В ответ на мое столь заманчивое предложение Семен Леонидович отрицательно качает башкой.
— Мы вас проверим иначе. На детекторе лжи. Прямо сейчас отправимся в офис…
— Я же сказала, что завтра приеду сама.
— Нет, сейчас! — резко меняет тон с любезного на командный Крупцов. — Володя, — переводит он взгляд с меня на того стояка, который без чемодана, — проводи девушку до машины.
Я снова (наверное, от нервов) слегка передергиваю плечом. И без улыбочек или ужимок, без малейшего признака интонации, которую принято именовать умоляющей, не прошу, а советую:
— Не стоит, Володя.
Но когда дело касается приказов начальника, добрым советам этот дылда не внемлет. И уже тянет ко мне свои грабки.
— Не стоит, Володя!
На этот раз это не я. Это голос из-за спины, который заставляет Андрюшиного телохранителя замереть в нерешительности, а мне предоставляет возможность сделать шаг в сторону, освобождая оперативный простор для Кирюхи Подставы.

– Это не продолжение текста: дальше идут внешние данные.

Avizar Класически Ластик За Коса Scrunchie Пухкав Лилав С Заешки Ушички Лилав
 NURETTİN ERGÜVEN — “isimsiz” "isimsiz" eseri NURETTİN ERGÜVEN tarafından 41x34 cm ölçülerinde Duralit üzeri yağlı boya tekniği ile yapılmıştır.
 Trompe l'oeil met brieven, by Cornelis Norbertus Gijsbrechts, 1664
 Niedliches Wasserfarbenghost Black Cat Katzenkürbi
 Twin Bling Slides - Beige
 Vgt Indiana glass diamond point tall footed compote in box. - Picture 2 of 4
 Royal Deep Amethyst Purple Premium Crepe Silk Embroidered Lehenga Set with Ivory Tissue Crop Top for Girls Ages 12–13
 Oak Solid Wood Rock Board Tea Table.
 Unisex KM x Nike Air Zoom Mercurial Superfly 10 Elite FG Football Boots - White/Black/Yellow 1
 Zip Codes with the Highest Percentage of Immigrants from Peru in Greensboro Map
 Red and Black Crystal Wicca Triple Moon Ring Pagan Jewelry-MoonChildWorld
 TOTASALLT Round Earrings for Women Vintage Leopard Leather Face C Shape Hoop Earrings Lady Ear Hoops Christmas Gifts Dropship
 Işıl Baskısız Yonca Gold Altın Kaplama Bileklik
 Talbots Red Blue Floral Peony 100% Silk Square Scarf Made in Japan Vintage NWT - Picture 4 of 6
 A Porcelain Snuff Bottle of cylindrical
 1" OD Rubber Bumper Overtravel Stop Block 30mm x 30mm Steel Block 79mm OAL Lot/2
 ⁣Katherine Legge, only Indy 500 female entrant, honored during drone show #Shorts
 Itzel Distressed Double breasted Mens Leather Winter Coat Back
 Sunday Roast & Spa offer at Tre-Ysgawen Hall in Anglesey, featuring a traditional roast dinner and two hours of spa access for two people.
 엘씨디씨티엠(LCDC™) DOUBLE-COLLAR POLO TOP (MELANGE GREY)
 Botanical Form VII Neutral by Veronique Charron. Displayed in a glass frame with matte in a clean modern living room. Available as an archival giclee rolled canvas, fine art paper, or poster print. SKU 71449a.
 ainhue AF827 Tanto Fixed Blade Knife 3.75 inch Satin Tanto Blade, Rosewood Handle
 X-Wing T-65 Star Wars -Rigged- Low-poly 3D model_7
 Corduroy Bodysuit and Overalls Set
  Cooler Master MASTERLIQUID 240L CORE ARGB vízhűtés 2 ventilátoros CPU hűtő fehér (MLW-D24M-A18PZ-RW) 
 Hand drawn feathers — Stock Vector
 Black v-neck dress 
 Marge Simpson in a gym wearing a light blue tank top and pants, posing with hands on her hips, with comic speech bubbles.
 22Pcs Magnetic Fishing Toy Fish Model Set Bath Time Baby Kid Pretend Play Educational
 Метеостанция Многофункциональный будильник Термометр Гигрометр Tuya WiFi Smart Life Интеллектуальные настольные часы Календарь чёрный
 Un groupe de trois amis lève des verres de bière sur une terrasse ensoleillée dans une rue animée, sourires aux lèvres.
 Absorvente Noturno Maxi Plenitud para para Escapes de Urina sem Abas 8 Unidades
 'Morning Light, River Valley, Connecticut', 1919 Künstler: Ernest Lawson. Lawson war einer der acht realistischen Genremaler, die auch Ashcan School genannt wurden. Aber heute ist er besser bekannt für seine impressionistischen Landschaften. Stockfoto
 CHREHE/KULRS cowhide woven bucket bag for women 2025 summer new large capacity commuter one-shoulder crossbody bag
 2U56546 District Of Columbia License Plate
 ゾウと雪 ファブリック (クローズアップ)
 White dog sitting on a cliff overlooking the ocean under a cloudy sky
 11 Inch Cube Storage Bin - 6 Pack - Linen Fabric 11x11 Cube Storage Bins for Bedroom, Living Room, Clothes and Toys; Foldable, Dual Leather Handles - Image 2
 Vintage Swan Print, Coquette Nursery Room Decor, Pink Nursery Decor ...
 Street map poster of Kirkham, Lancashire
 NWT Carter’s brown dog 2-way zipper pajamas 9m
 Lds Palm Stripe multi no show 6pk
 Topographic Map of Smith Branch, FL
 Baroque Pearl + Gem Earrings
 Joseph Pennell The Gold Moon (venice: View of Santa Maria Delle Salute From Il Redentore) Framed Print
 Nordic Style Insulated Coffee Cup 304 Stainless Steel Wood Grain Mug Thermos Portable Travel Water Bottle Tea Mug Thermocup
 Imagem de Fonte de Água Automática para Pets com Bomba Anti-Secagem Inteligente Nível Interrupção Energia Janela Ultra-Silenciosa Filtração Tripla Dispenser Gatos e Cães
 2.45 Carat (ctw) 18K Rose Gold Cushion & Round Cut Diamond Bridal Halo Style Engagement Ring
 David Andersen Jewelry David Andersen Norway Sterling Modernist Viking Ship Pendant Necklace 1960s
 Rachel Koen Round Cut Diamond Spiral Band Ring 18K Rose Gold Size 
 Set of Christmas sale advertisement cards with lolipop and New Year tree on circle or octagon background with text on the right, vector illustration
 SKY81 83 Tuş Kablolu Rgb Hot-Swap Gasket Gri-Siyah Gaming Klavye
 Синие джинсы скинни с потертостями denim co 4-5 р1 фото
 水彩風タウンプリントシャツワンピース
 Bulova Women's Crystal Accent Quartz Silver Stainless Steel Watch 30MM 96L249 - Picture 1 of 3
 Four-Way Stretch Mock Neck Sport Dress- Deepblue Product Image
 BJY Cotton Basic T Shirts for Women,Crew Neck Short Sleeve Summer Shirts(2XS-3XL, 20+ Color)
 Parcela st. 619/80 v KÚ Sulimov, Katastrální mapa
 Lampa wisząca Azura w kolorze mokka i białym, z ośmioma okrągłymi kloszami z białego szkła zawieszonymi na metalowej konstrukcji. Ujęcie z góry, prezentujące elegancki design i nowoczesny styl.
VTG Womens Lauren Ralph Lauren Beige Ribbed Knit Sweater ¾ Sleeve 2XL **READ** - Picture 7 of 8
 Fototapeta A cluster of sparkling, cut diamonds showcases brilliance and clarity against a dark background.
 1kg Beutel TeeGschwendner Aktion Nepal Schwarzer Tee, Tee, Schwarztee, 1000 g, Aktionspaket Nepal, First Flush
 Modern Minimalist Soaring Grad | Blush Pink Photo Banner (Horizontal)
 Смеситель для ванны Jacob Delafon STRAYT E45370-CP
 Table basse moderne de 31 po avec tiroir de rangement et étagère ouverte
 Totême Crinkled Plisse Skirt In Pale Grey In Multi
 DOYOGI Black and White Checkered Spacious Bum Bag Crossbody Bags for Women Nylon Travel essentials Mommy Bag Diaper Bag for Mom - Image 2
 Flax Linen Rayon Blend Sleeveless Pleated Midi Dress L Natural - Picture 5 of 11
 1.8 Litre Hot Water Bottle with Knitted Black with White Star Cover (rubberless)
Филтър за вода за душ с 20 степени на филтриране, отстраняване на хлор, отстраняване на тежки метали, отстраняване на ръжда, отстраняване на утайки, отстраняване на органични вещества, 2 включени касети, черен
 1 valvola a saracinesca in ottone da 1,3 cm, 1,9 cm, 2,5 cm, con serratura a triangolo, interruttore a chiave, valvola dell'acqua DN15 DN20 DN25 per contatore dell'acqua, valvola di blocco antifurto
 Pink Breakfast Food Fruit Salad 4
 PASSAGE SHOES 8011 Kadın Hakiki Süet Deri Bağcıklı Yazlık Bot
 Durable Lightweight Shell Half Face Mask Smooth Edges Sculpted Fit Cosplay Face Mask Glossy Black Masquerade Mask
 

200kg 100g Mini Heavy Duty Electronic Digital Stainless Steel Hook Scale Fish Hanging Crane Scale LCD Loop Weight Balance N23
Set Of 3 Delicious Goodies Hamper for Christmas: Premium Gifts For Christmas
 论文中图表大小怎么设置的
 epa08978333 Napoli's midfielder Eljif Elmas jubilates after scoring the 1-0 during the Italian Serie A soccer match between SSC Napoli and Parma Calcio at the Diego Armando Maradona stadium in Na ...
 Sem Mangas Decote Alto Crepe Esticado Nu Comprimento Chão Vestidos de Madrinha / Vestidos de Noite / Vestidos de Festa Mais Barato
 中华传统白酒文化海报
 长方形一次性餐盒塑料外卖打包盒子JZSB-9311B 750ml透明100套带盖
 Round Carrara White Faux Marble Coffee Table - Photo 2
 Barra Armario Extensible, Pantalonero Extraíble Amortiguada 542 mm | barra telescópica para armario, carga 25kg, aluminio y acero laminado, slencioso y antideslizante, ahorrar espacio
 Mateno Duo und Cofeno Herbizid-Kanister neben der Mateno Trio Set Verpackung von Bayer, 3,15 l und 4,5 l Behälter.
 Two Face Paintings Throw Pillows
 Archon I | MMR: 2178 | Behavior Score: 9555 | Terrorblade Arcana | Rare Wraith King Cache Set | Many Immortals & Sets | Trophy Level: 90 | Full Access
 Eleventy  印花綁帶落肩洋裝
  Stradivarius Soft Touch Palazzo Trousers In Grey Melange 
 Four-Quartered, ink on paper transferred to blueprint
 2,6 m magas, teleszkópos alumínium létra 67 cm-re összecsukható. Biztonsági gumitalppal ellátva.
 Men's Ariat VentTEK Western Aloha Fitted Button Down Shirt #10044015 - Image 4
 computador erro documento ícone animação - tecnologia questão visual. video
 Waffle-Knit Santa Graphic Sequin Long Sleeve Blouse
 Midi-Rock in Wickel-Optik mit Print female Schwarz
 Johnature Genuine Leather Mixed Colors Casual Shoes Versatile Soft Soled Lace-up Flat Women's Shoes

— Не стоит, приятель, — еще раз советует он и немного отодвигает в сторону полу плаща — ровно настолько, чтобы продемонстрировать нацепленный, как телефонная трубка, на брючный ремень компактный «Калико».[127] — Оглянитесь назад — Стоя метрах в трех за спиной Крупцова, Руслан тоже на доли секунды распахивает свой длинный плащ. — Мы с вами равны только в том, что и вы, и мы профессионалы. Но у вас простые волыны, у нас скорострельные автоматы. Вас только трое, а нас куда больше. Ко всему прочему, ни вам, ни нам нет никакого резона устраивать перестрелку в международном аэропорту. И без того, на все эти затянувшиеся разборки давно уже пялятся люди. Не дай Бог, привлечем внимание местных секьюрити или легавых. Так что, давайте-ка закругляйтесь скорее. Вика, ты еще долго?
— Пять минут.
Их мне хватает на то, чтобы взять у Крупцова визитку и еще раз заверить его в том, что завтра в районе обеда обязательно приеду к ним в офис. Уже без охраны. Зато, возможно, с Андреем, целым и невредимым.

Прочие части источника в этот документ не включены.